By Kevin Williams
So, shortly after leaving the Amish Grille, I get back on the tiny country highway bound for Whitesburg, near the Virginia border. But I decide I should fill up first, so I pulled into a Double Kwik, a chain of Kentucky convenience stores. And what do I see by the register? A rack of “Amish baked goods.” So I snapped a few photos and bought a “scotcheroo”. I wasn’t happy with myself for buying the Scotcheroo, because I was already failing miserably at eating healthy while traveling. But the whole idea of Amish in the area intrigued me. As I got back in my car to drive while munching my Scotcheroo I looked closely at the label and it said it was made by “Miller’s Amish Bakery and Catering” in “Lost Creek, Kentucky.” I pulled over into a Family Dollar parking lot in Scuddy, Kentucky and studied my map. Lost Creek was about an hour in the opposite direction in which I was headed. I studied my map again and tried every which way to see if I could wedge a visit to Lost Creek into my schedule that day before dark settled in and eventually determined there simply was no way I could do it. So I finished my Scotcheroo and finally this week got around to calling the phone number on the package.

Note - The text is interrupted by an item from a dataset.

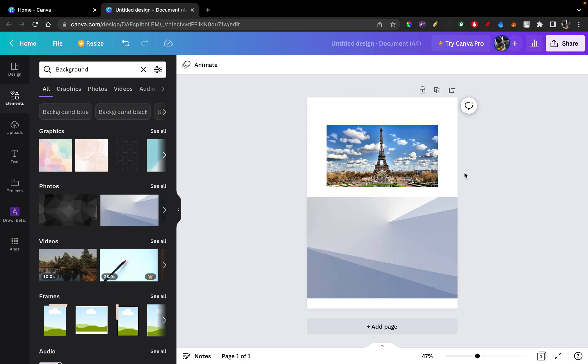In this tutorial, I'll be guiding you guys on how to overlap the image in Canva on an object. So let's get started.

I spoke with a very nice man named Tom Miller who owns the bakery. He’s a Mennonite minister who runs the bakery with his wife. Miller and his wife have lived in Lost Creek for over 50 years and they are Plain, part of the conservative Mennonite conference but they are not, as I surmised they might be, Beachy Amish. The Amish recipes they use come from his Mom’s background, which is why they market themselves as an Amish bakery and catering company.
“Next time you’re down here you really ought to come visit this holl’er,” Miller says, describing a county that his home to several Mennonite churches including his, Cane Creek Mennonite Church.

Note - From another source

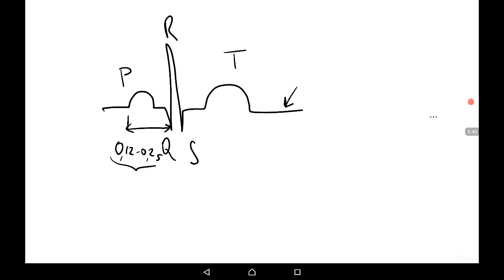If the PQ interval increases beyond 0.2 seconds, we speak about AV blockade of the heart, where conduction is prolonged between the atria and the ventricle.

So, there you have it. Not quite Amish, but interesting nonetheless. The closest Amish to southeast Kenutcky then would be across the border near Bland, Virginia. The closest Amish in Kentucky to the Hazard area would be the Mays Lick settlement. Southeast Kentucky is just a tough place to farm because of its rocky soil and hilly topography, so I continue to think the region will not experience a lot of Amish residents in the near future.
You can look for Miller's products in stores throughout SE Kentucky (Tom Miller said they make everything in a bakery beside their home). But if you'd like to make your own scotcheroo, here is the recipe:
- 1 cup light corn syrup
- 1 cup sugar
- 1 cup peanut butter
- 6 cups Kellogg's® Cocoa Krispies® cereal
- or 6 cups Kellogg's® Rice Krispies® cereal
- 1 package (6 oz., 1 cup) semi-sweet chocolate morsels
- 1 cup butterscotch chips
- Place corn syrup and sugar into 3-quart saucepan.
- Cook over medium heat, stirring frequently, until sugar dissolves and mixture begins to boil. Remove from heat.
- Stir in peanut butter.
- Mix well.
- Add KELLOGG'S RICE KRISPIES cereal.
- Stir until well coated.
- Press mixture into 13 x 9 x 2-inch pan coated with cooking spray.
- Set aside.
- Melt chocolate and butterscotch chips together in 1-quart saucepan over low heat, stirring constantly.
- Spread evenly over cereal mixture.
- Let stand until firm.
- Cut into 2 x 1-inch bars when cool.